> _Problem_:
Repeat the span of the entries below that starts at the line with "Choose public IP" and ends at the line with "So boy don't", nothing more. Skip the pictures.

___ Listed entries ___

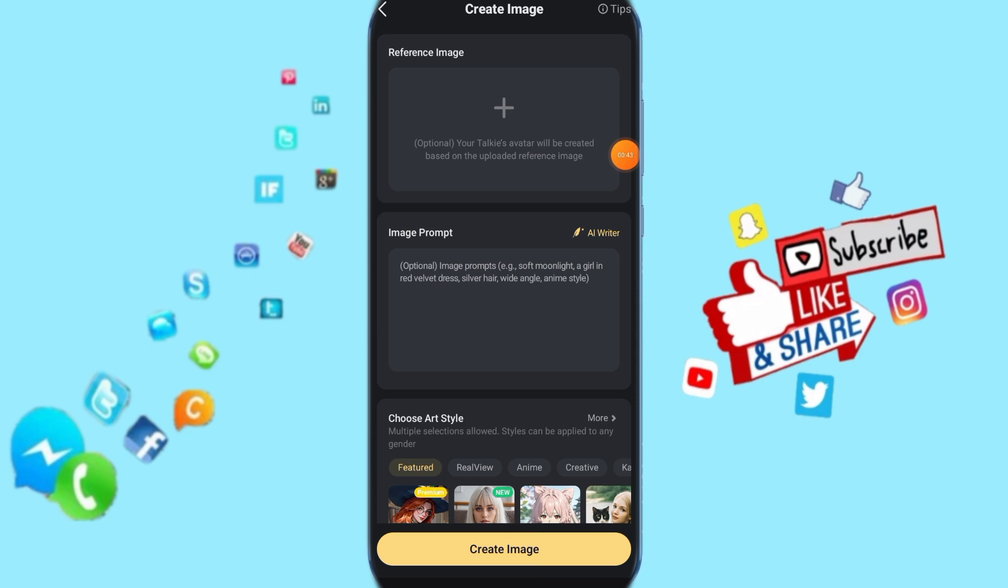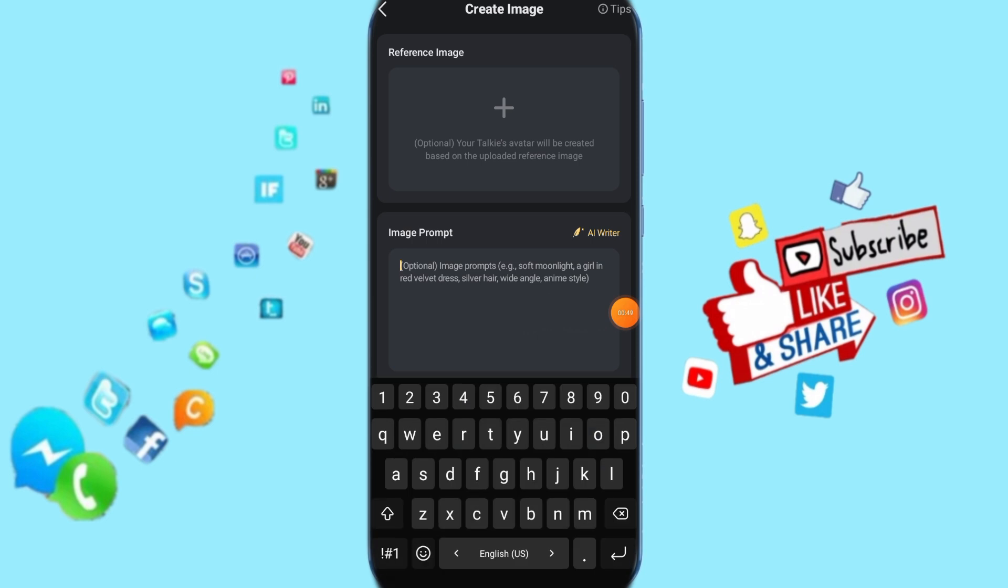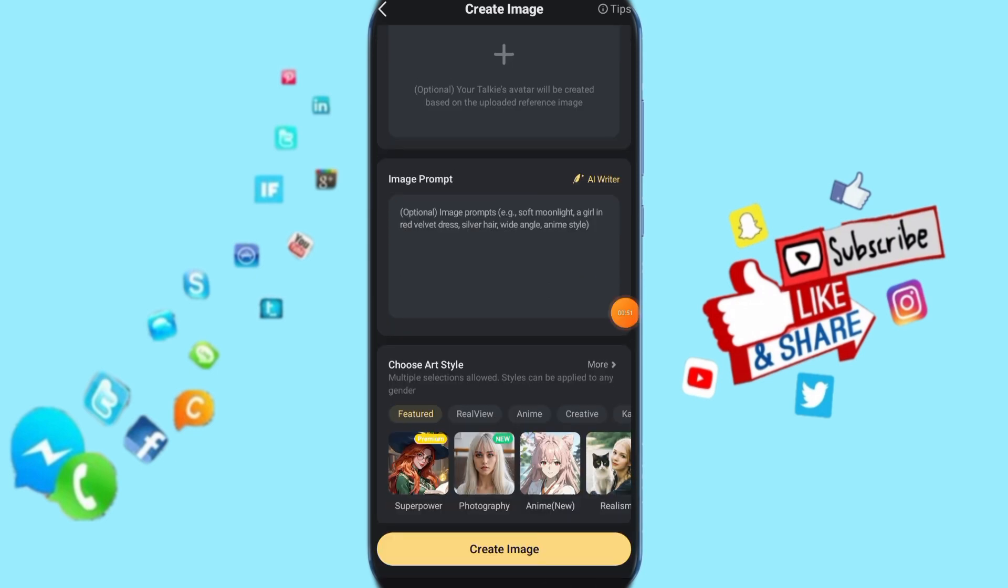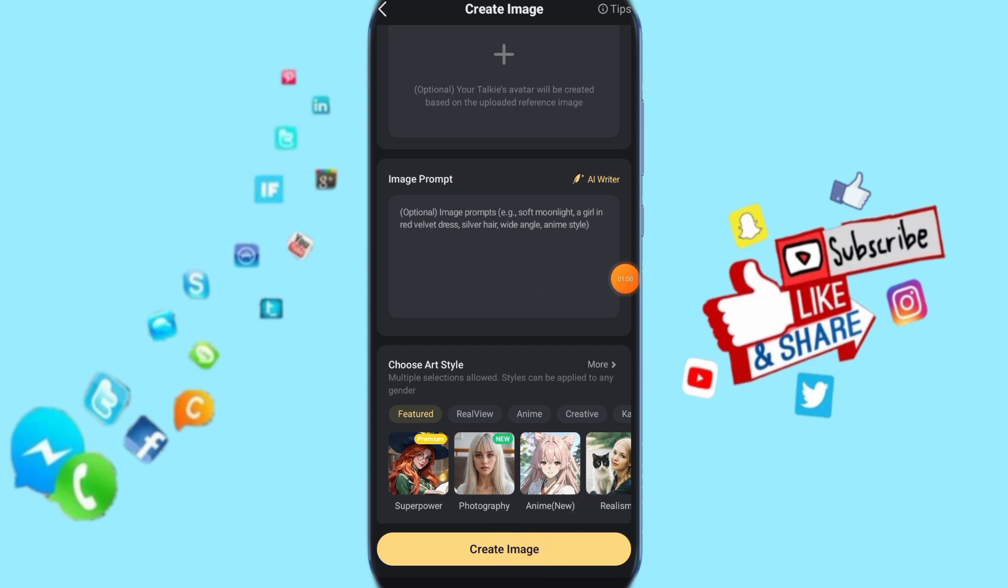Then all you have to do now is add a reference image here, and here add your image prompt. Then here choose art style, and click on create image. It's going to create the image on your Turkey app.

___
___ Listed entries ___

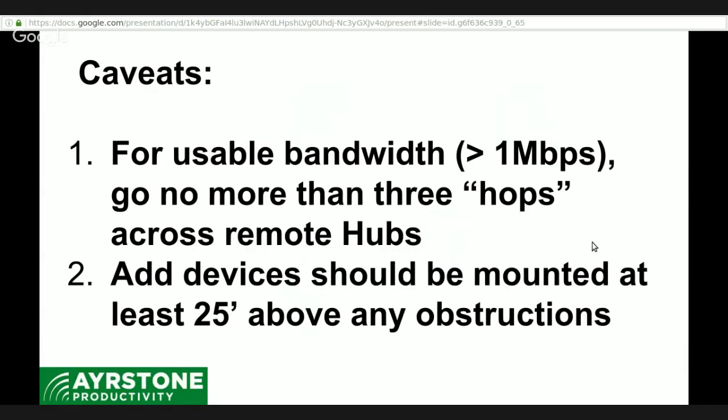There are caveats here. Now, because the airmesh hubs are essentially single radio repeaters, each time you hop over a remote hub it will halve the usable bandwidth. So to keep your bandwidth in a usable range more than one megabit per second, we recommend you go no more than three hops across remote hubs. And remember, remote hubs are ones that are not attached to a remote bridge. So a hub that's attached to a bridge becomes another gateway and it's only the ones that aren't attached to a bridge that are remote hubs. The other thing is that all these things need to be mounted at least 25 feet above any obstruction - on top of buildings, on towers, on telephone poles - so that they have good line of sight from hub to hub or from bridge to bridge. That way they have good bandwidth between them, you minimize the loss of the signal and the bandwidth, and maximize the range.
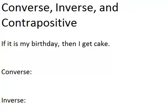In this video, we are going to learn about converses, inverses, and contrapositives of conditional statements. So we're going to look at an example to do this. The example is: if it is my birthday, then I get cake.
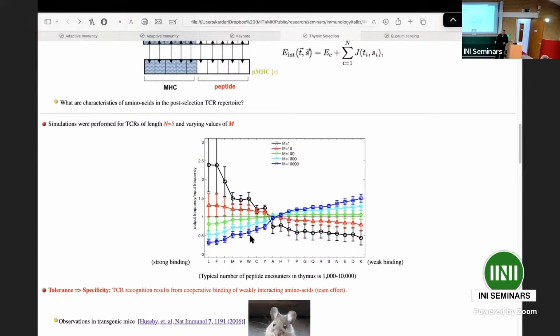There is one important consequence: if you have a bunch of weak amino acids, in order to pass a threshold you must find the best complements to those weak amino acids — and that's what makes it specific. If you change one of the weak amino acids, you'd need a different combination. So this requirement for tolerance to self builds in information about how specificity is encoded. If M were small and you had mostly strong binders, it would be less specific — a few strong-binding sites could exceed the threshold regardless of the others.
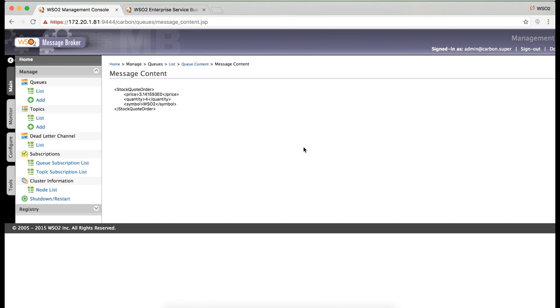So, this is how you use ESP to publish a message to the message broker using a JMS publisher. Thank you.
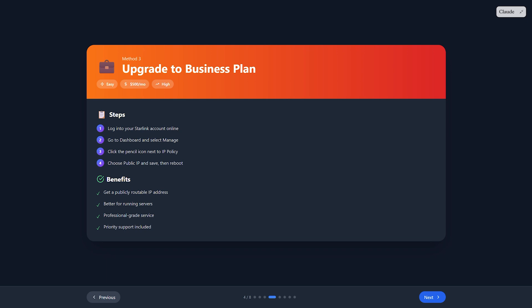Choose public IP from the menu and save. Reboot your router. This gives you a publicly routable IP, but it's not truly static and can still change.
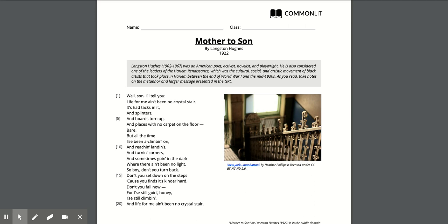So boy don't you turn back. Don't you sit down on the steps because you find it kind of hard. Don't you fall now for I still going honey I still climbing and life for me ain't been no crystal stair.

___

> _Solved exercise_:
Choose public IP from the menu and save. Reboot your router. This gives you a publicly routable IP, but it's not truly static and can still change.
So boy don't you turn back. Don't you sit down on the steps because you find it kind of hard. Don't you fall now for I still going honey I still climbing and life for me ain't been no crystal stair.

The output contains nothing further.